Después, en la playa, un pibe como de 14 años y que ya iba al colegio secundario, nos dijo que el shock que sufre el sonámbulo cuando se lo despierta de golpe, podía causar “irreparables consecuencias” en la salud del afectado. Y nosotros le creímos, para susto de mi hermana, a quien de ahí en más amenazamos con esas siniestras e “irreparables consecuencias”.
“Para nosotros, en definitiva, era lo mismo. La cuestión de fondo, como se sabe, era conocer el mar”
Fue también el verano en el que aprendí a desenterrar almejas, a ubicar las estrellas para no perder el rumbo en las caminatas nocturnas y a escapar de las temibles aguas vivas.

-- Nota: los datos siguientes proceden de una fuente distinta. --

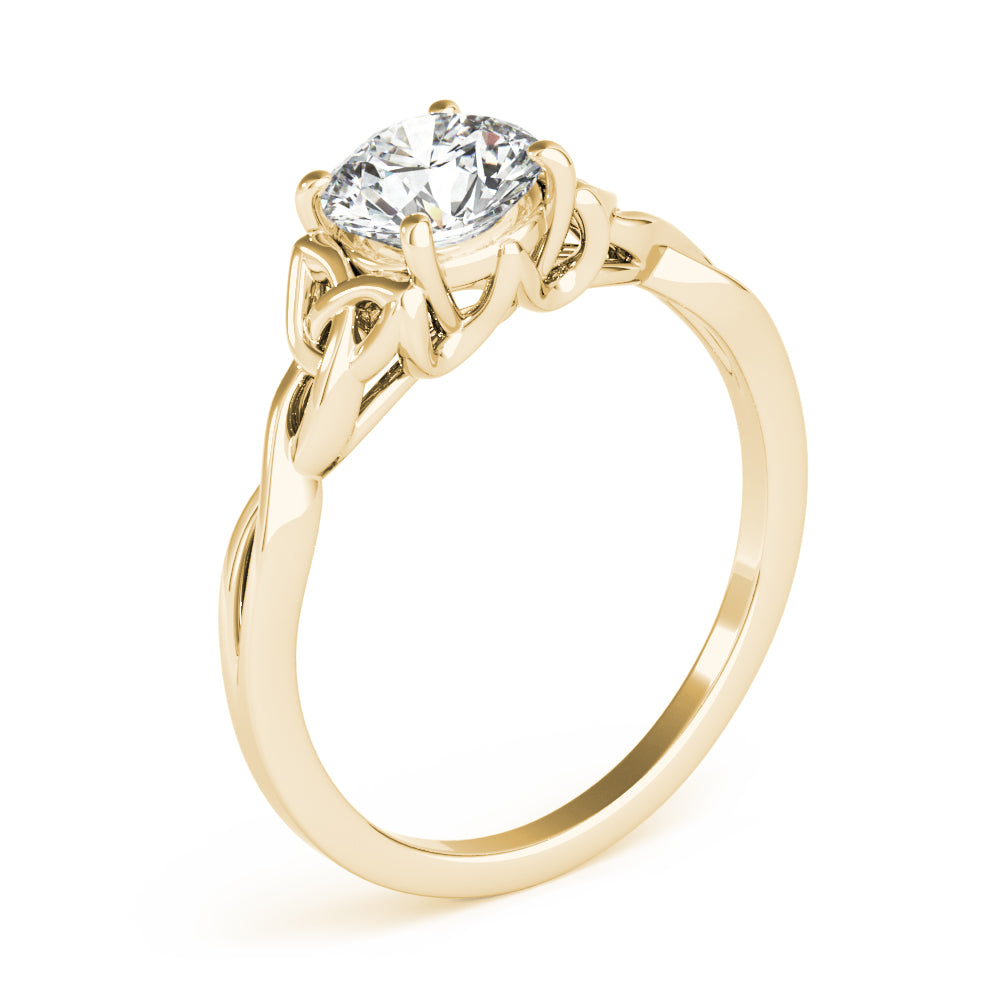 Round Gemstone Solitaire Engagement Ring · 0.80 ct tw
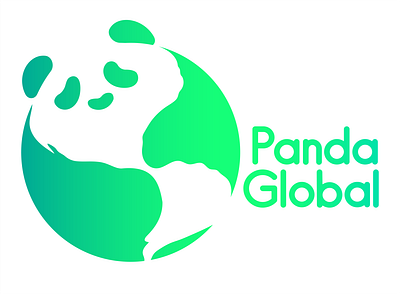 Panda Logo Green Ver. dailylogochallenge design logo panda panda bear panda logo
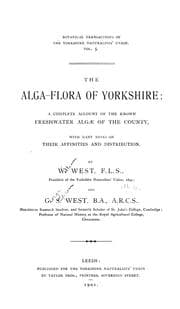 Tapa de The Alga-flora of Yorkshire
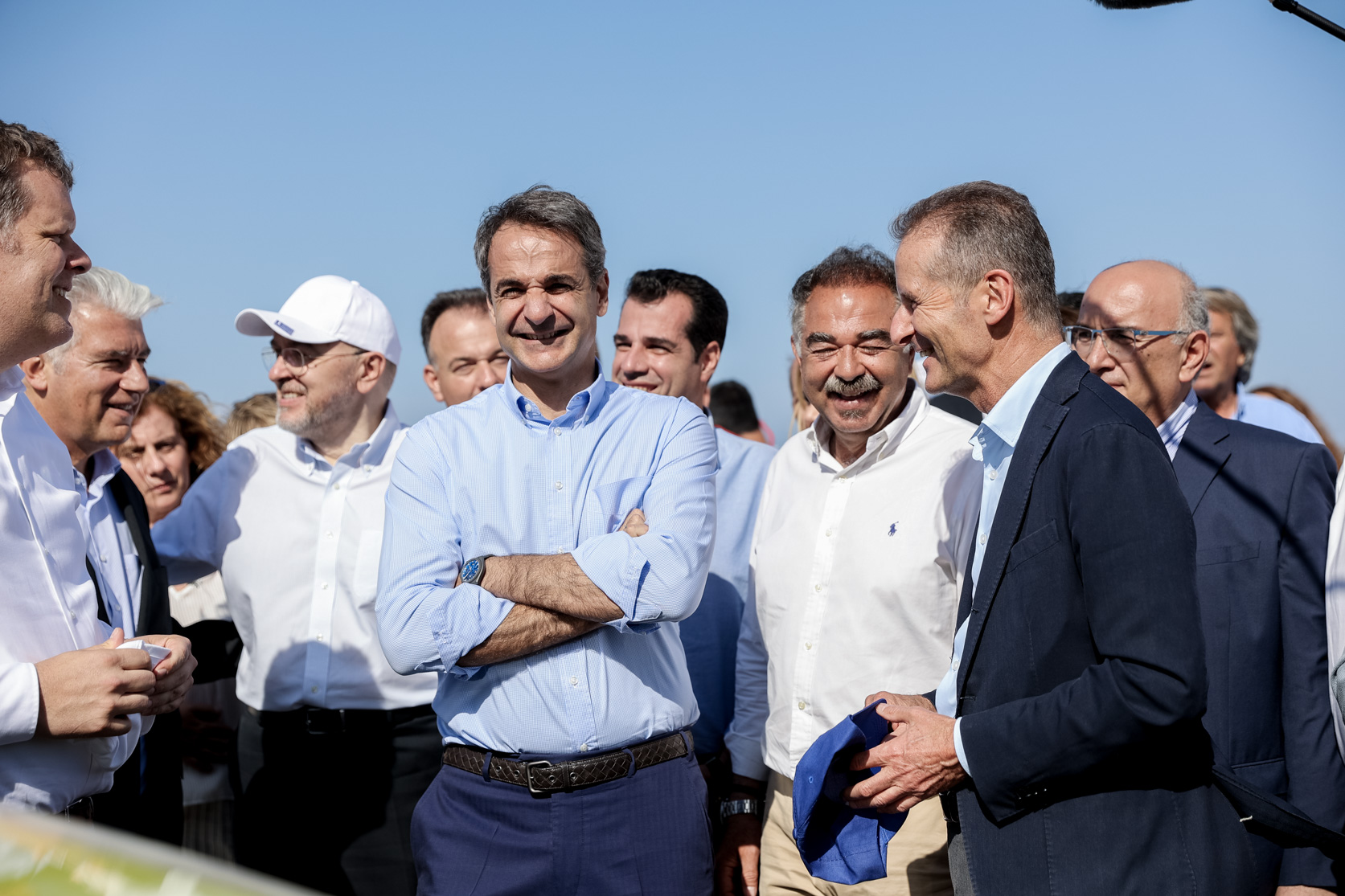 LIVE: Ο Μητσοτάκης στην Αστυπάλαια για το έργο ηλεκτροκίνησης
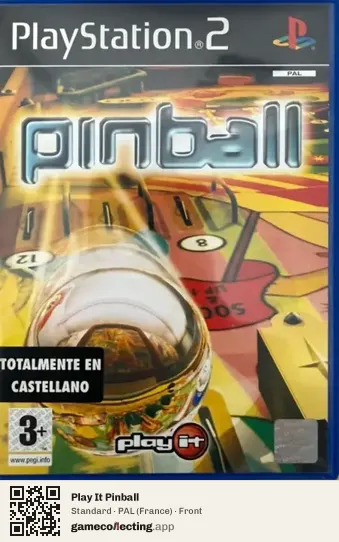 Play It Pinball PlayStation 2, France box front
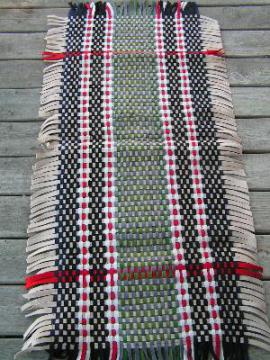 catalog photo of Primitive hand woven felt throw rug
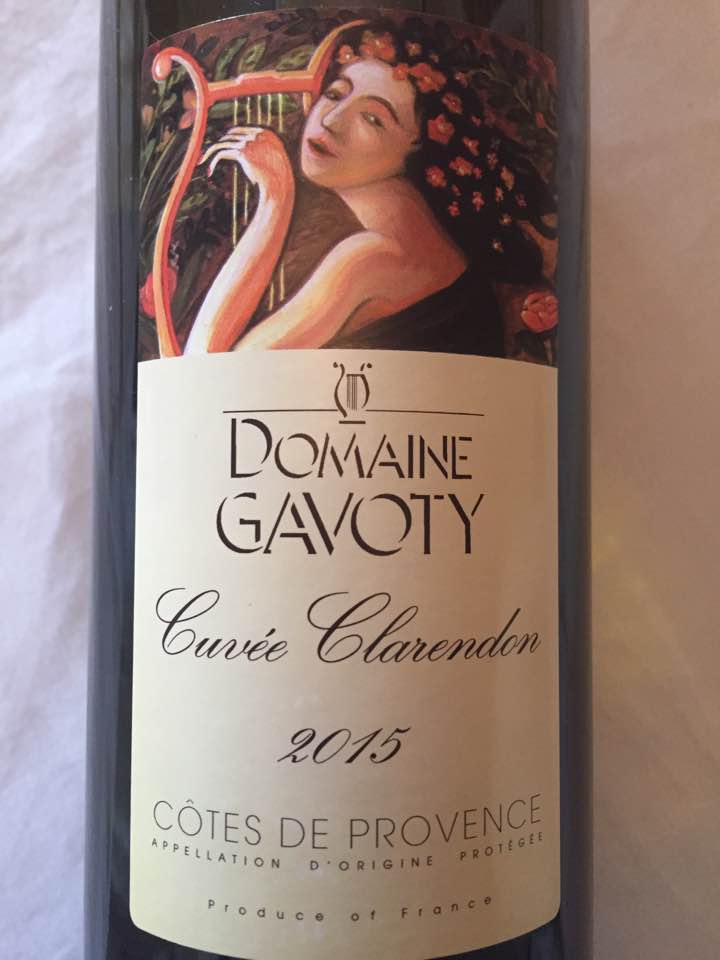 Domaine Gavoty – Cuvée Clarendon 2015 – Côtes de Provence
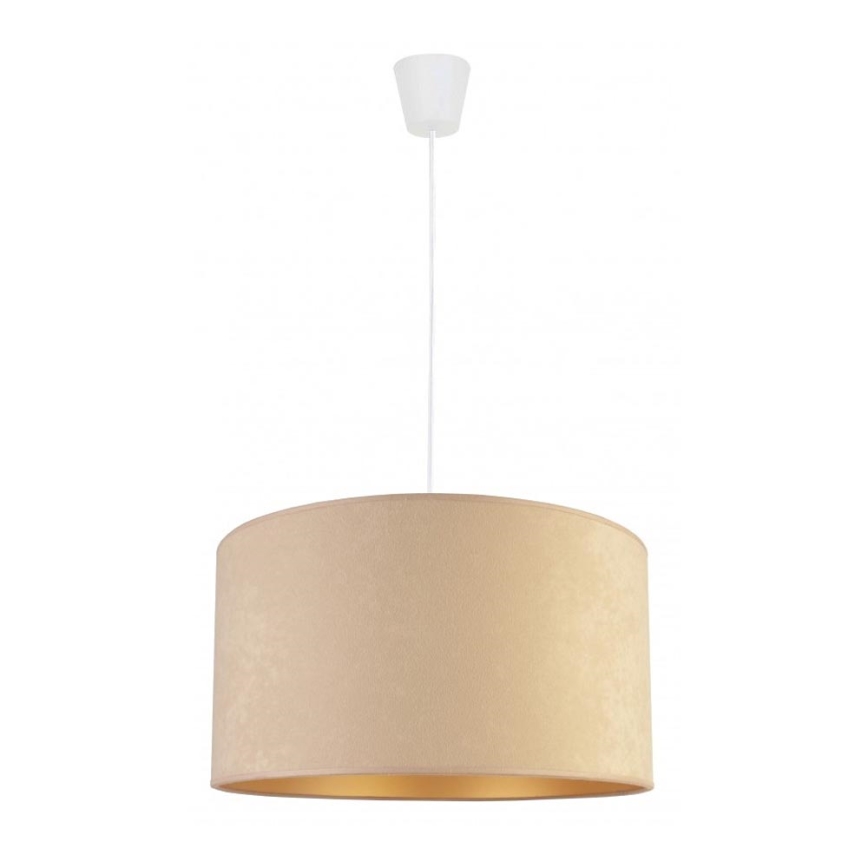 Duolla - Підвісна люстра ROLLER 1xE27/40W/230V діаметр 40 см бежевий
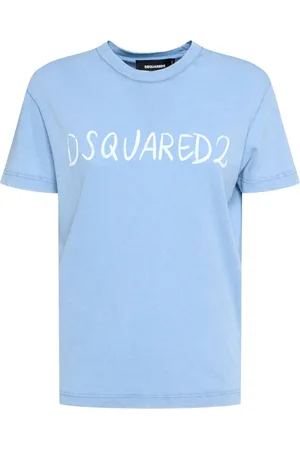 Dsquared2 Logo Print Cotton Jersey T-shirt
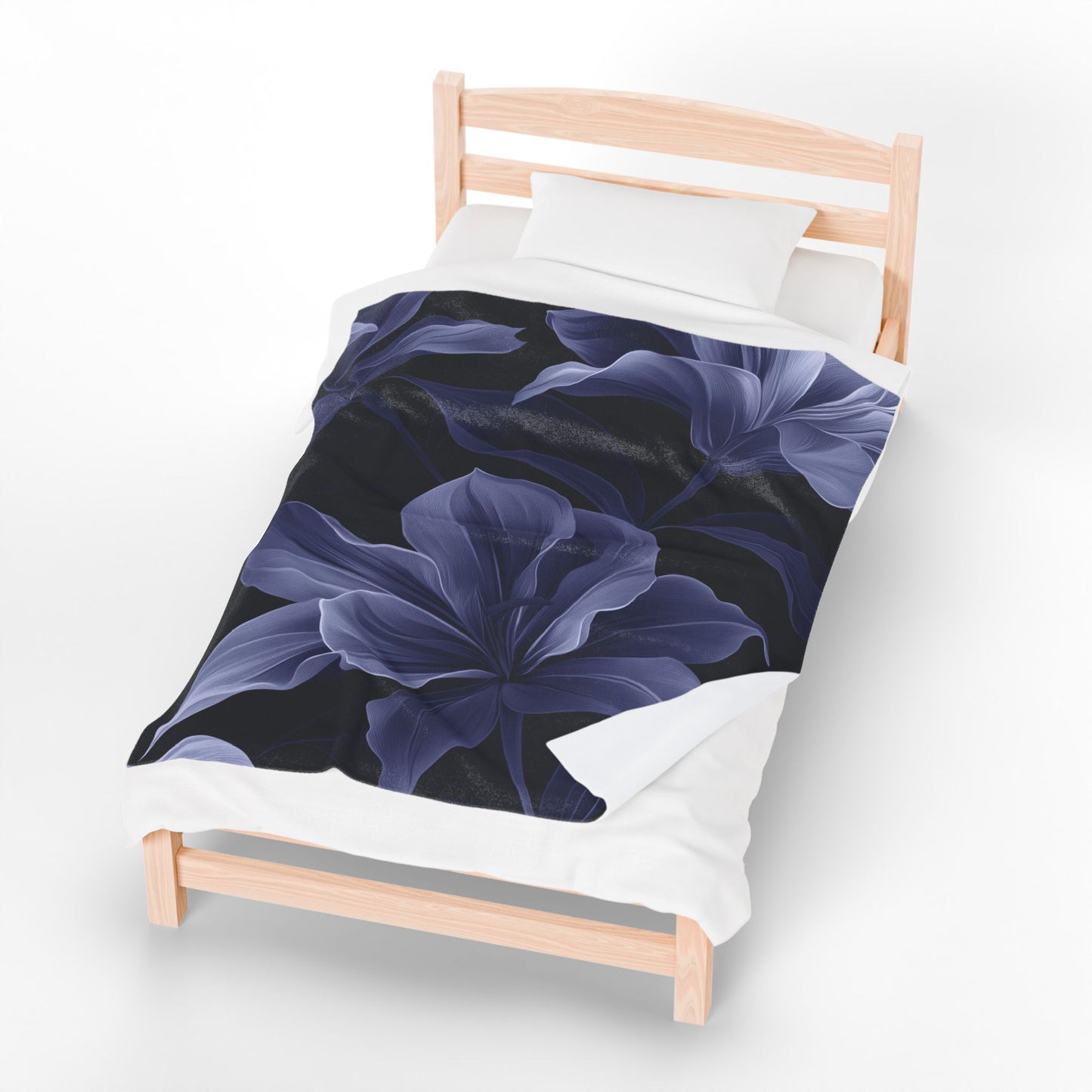 Midnight Bloom Throw Blanket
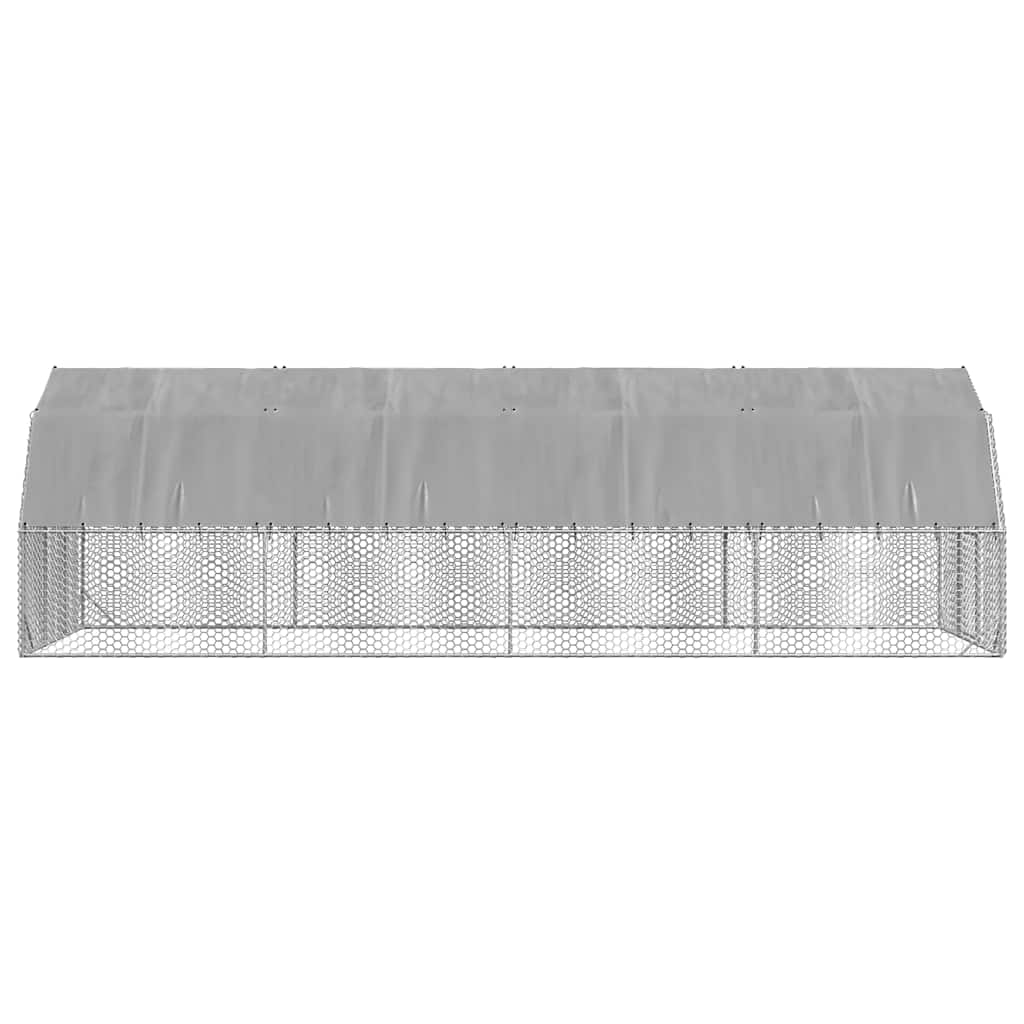 8721158714428_g_en_hd_3 vidaXL Chicken Run with Roof 2.5x8x2.25 m Galvanised Steel - Image 4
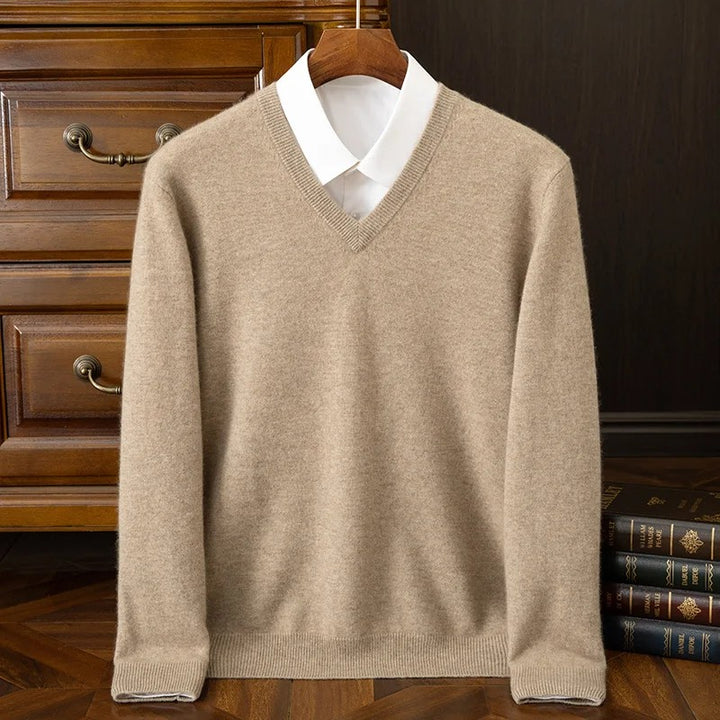 Aubrey Cashmere V-Neck Sweater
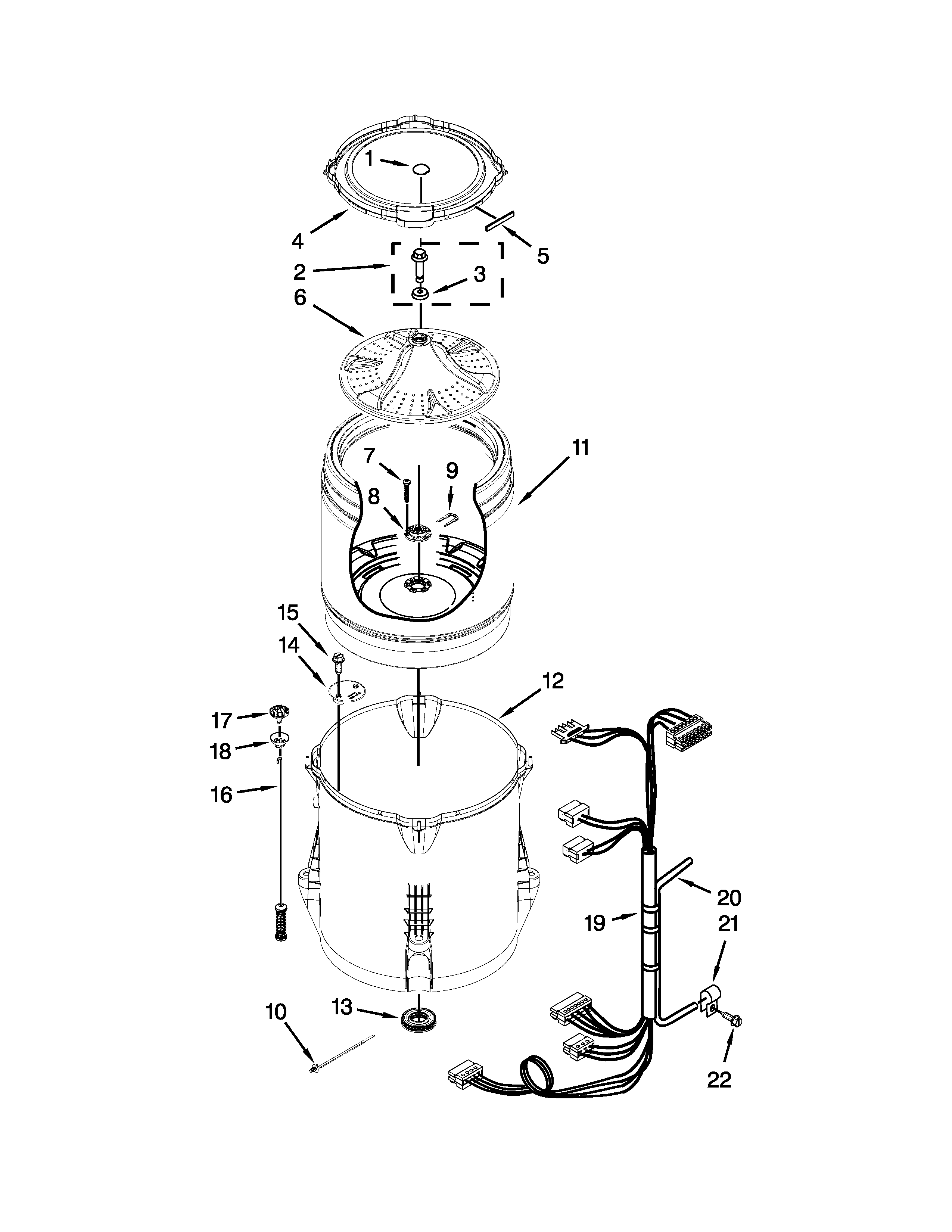 BASKET AND TUB PARTS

Pero, sobre todo, fue el enero en el que descubrí que, invariablemente, hay una directa relación entre los males de corazón de un pibe de diez años y los ojos celestes de una niña
Era de noche, en ese momento indefinido en el que uno ya está bañado y cambiado a la espera de la hora de la cena. El juego lo empezó Pedro. “A vos te gusta mi hermana. A que no te animás a darle un beso”, desafió.
Y uno, que jamás hubiese dado un solo paso hacia ese abismo, comprendió que ese era un momento trascendente. Que allí, entre esas cuatro paredes, no había resquicio alguno para huir. Y que, de hacerlo, tendría que batallar todos los días contra el indeleble estigma de la cobardía.
Mi hermana miraba como si no entendiera lo que estaba pasando. En cambio, ella, la de los ojos lindos, sonreía.
Me le acerqué. Cerré los ojos y mis labios chocaron contra los suyos. No recuerdo nada más.
Sólo sé que años después descubrí que lo de San Clemente no era mar y que ese beso no era amor. Pero se parecían.